First off, install the gem–I used sitemap_generator as it seemed to do what I needed–allow me to call out certain routes and add them to my sitemap. Then you need to create a configuration file, at config/sitemap.rb
. Mine looks like:
SitemapGenerator::Sitemap.default_host = "https://"+APP_CONFIG.domain
SitemapGenerator::Sitemap.create do
Listing.where(deleted: false, open: true).find_each do |listing|
add listing_path(listing), :lastmod => listing.updated_at
end
end
Then I just ran bundle exec rake sitemap:refresh:no_ping
and a sitemap.xml.gz
was generated in my public
directory.
If you are running on AWS or someplace else with a persistent filesystem, you can skip to the text starting with “Then, I scheduled”.
If you are running on a PAAS like Heroku, where you don’t get a persistent filesystem, you’ll want to push this generated file to a persistent place.
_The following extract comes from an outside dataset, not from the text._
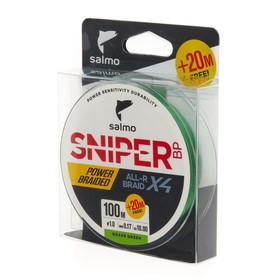 Леска плетёная Salmo Sniper BP ALL R BRAID х4 Grass Green 120 м, 0,17 мм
I chose S3. Since sharetribe already has paperclip as a dependency, I used the instructions here and here, with a few modifications for sharetribe.
My rake task to upload the sitemap file was:
require 'aws'
namespace :sitemap do
desc 'Upload the sitemap files to S3'
task upload_to_s3: :environment do
s3 = AWS::S3.new(
access_key_id: ENV['aws_access_key_id'],
secret_access_key: ENV['aws_secret_access_key']
)
bucket = s3.buckets[ENV['s3_bucket_name']]
file = File.join(Rails.root, "public", "sitemap.xml.gz")
path = "sitemap/sitemap.xml.gz"
begin
object = bucket.objects[path]
object.write(file: file)
object.acl=(:public_read)
rescue Exception => e
raise e
end
end
end
I then run the sitemap:refresh:no_ping
and upload_to_s3
tasks in the same heroku scheduled task: rake sitemap:refresh:no_ping sitemap:upload_to_s3
. If you don’t do that (and instead do separate dynos) then the upload task won’t have access to the file (because it will have been generated on the first dyno’s filesystem).
You also need to make sure to add a sitemap controller to redirect from yourdomain.com/sitemap.xml.gz
to the S3 bucket (again, as outlined in the articles linked above.
Then, I scheduled a daily refresh of the sitemap.xml
file and submitted the file to relevant search engines.
Things I didn’t do:
- handle more than 50k urls
- support multiple communities (not really needed for me, but I bet if the folks behind sharetribe.com wanted to use this, they’d want such support).
- add the sitemap.xml file to my robots.txt file, as outlined here.